# How do you solve 25v^2=1?

Sep 4, 2016

$v = \pm \frac{1}{5}$

#### Explanation:

Divide both sides by 25 giving:

${v}^{2} = \frac{1}{25}$

Thus:

$\sqrt{{v}^{2}} = \sqrt{\frac{1}{25}}$

$v = \frac{\sqrt{1}}{\sqrt{25}} = \frac{1}{\sqrt{25}}$

But as this is square root we should write $= \pm \frac{1}{\sqrt{25}}$

$v = \pm \frac{1}{5}$

Sep 4, 2016

$v = \pm \frac{1}{5}$

#### Explanation:

Begin by isolating ${v}^{2}$. To do this we divide both sides of the equation by 25.

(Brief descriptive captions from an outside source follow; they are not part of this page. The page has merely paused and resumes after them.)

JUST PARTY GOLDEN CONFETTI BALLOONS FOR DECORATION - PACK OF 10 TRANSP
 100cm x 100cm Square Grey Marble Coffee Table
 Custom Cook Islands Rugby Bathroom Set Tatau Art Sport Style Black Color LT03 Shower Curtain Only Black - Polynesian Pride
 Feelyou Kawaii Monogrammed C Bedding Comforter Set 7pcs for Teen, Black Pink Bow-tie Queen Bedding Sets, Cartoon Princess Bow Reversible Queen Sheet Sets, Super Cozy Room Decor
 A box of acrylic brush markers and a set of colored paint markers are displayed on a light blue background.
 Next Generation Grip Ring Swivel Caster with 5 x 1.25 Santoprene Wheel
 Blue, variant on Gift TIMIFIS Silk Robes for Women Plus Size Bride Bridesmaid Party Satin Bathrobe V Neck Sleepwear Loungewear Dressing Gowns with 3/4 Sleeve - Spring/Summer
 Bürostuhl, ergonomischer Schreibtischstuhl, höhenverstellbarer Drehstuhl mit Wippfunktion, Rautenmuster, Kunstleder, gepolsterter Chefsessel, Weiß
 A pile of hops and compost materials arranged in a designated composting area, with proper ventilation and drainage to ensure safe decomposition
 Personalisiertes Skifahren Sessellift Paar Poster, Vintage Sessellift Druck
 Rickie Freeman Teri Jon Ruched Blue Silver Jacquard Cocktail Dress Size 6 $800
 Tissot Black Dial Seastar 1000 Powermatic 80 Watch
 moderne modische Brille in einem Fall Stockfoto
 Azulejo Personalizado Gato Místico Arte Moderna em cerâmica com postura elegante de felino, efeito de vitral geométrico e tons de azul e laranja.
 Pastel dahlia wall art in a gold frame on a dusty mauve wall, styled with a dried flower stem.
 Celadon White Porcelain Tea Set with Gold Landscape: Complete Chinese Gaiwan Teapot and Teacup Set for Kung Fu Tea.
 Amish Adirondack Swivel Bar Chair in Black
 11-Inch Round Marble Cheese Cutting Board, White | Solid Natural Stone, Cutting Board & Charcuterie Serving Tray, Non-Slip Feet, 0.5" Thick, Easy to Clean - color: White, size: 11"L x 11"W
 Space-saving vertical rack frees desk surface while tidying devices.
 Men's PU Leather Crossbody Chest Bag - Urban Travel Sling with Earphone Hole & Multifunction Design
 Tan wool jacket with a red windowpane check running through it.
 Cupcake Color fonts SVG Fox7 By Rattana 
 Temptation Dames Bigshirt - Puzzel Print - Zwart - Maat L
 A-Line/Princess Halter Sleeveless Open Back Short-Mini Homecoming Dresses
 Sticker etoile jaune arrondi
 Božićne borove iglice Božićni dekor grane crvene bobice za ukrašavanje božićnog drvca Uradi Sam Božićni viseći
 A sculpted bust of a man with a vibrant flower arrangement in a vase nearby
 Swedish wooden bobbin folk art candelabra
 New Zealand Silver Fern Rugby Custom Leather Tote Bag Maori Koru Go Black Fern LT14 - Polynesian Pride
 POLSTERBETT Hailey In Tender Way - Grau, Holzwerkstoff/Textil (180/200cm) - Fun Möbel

$\Rightarrow \frac{{\cancel{25}}^{1} {v}^{2}}{\cancel{25}} ^ 1 = \frac{1}{25} \Rightarrow {v}^{2} = \frac{1}{25}$

now take the $\textcolor{b l u e}{\text{square root of both sides}}$

$\Rightarrow \sqrt{{v}^{2}} = \pm \sqrt{\frac{1}{25}}$

$\Rightarrow v = \pm \frac{1}{5}$

Sep 4, 2016

$v = \pm \frac{1}{5}$

#### Explanation:

Apart from the method shown by other contributors, we can also follow the usual method for a quadratic equation.

$\rightarrow \text{Make it equal to 0 " rarr " find the factors.}$

$25 {v}^{2} = 1$

$25 {v}^{2} - 1 = 0 \leftarrow \text{ difference of squares}$

$\left(5 v + 1\right) \left(5 v - 1\right) = 0$

Either factor could be 0

$5 v + 1 = 0 \text{ } \rightarrow v = - \frac{1}{5}$

$5 v - 1 = 0 \text{ } \rightarrow v = \frac{1}{5}$